My house smells divine, and everyone entering is totally blinded to any imperfections by the heady fragrance of Christmas spice!

This Christmas may not make it into the annals as the most lovely, organized and well-planned, but no one can say it doesn't at least smell like Christmas!!

This year, it's Christmas Simmer all the way!

p.s. - Easy Cheat - just throwing some orange peel and sprinkling some ground cinnamon and ground cloves into the boiling water also works!!

Saturday, December 15, 2012

Woods in Winter

On Friday, the sun shone, a slight breeze blew, the air was crisp and cool.

I had my to do list ready.  Things that weren't arbitrary.  Things like cleaning bathrooms.  Changing sheets.  Washing dishes.

Youngest Son suggested a walk in the woods.

I was torn.  A walk in the woods, breathing fresh air, drinking in nature.  Home responsibilities.

The walk it was.  Of course.

And we were off.  I was glad I made that choice the moment we walked out into the sunshine.

The woods were full of treats for the discovering . . . flowers drying to a crumble on barren twigs, bright holly berries, gently blowing dried grasses, minuscule purple flowers cupped in green ruffled leaves  shelf fungus thickly dressing a log, blue-black berries, dried seed pods hanging delicately from their stems, pine cones, mossy logs.  

A delightful tangle of the woods in winter.

I love to watch Youngest Son in nature.

He is enthralled by it.  Senses slowly soaking it in.

And now that he has discovered the camera, his eye catches two bent trees making an "X" in the sky, the sun glinting on the surface of the creek, clouds leaving a fading trail as they puff across the sky.

The woods enchanted us . . . transformed us from irritable children and overworked mom to co-conspirators  on a secret adventure.

I even saw Youngest Son offer to hold Youngest Daughter's carefully collected dandelion as she crossed the creek.

Proof of enchantment to be sure.

We trotted back to the house chattering about things found, things discovered, things captured on camera.  A buzz of talk inspired by the quiet beauty of winter woods.

The toilets, laundry and dishes waited.  I thought they would.

Friday, December 7, 2012

Christmas Party Dash

The yearly Christmas Party Dash occurs each year exactly on the day of my husband's annual Christmas party.

From the time the invitation arrives in the mailbox, the pesky question niggles around in my mind . . . what will I wear to the Christmas party?

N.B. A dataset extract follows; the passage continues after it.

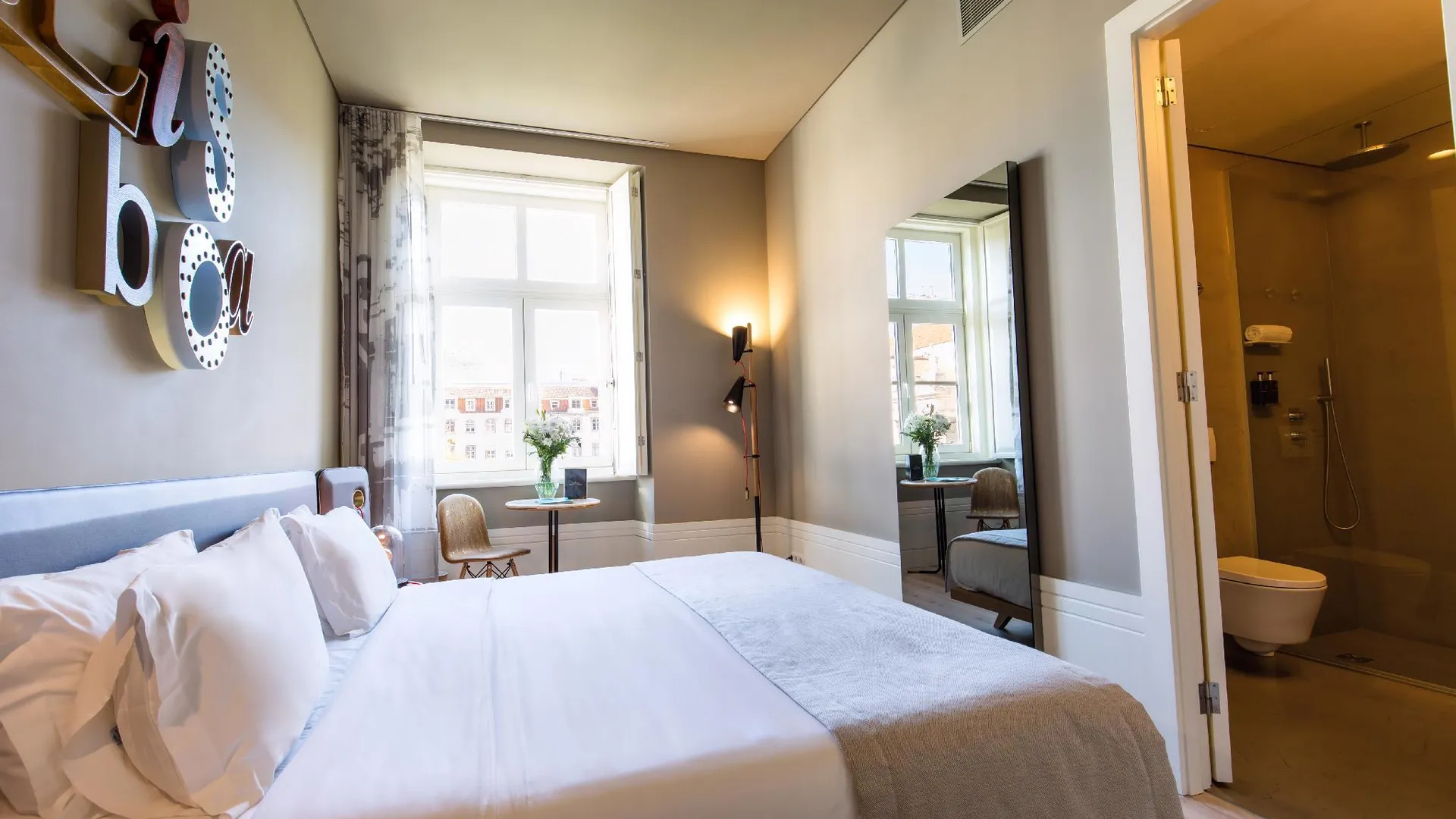 리스본 마이스토리 호텔 로씨우 3성급 호텔 스위트룸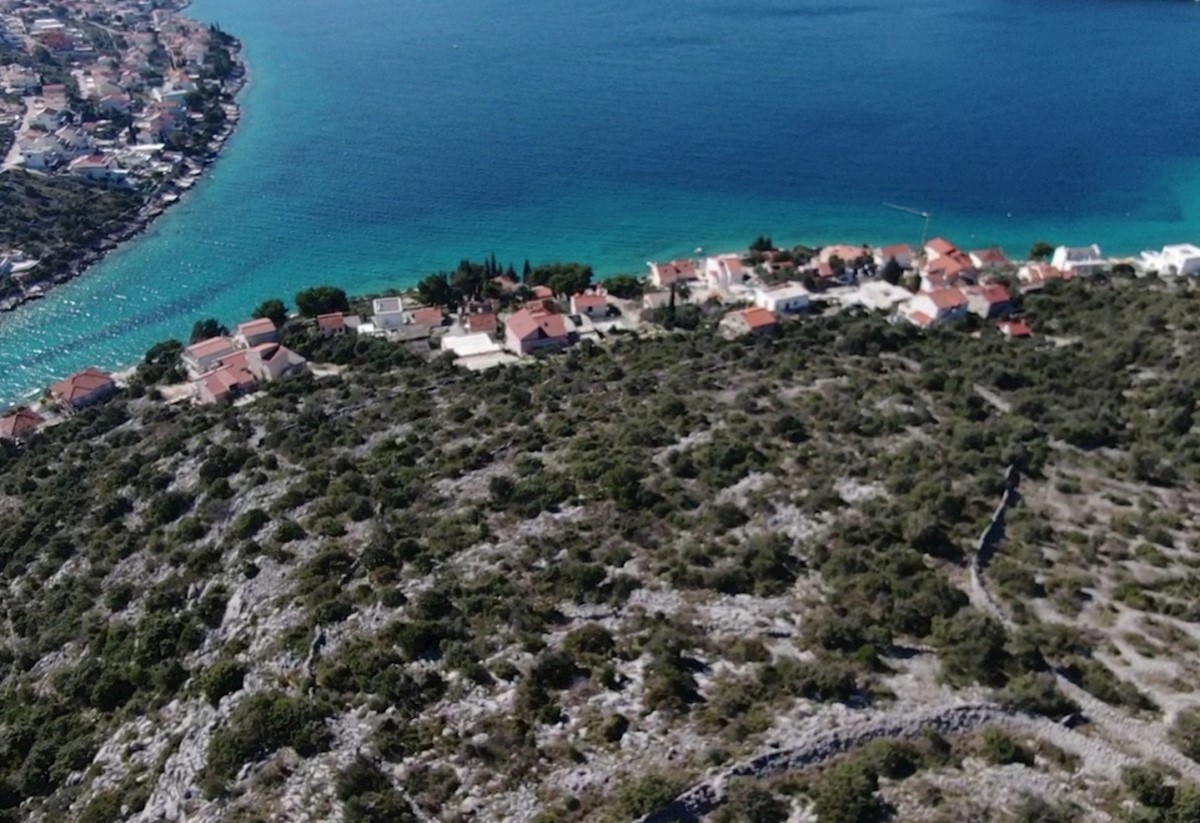 Terreno In vendita - ŠIBENSKO-KNINSKA ROGOZNICA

An inventory of my closet shows a few skirts that are now outdated, a couple of summer dresses (purchased on Wedding Attendance Dashes), lots of jeans, and shirts that feel at home with jeans and at home within the four walls of my house.  Oh, and there is the black velvet Lanz of Salzburg dress that I wore 25 years ago to a company Christmas party and still can't part with.  Think Lady Diana.  Think '80s.

(Yeah, that one!)

My closet does not show much of anything that is Christmas-party-worthy.

I teach from home and work from home and nurture 6 other lives from home.  Home doesn't demand much in the way of Christmas party attire.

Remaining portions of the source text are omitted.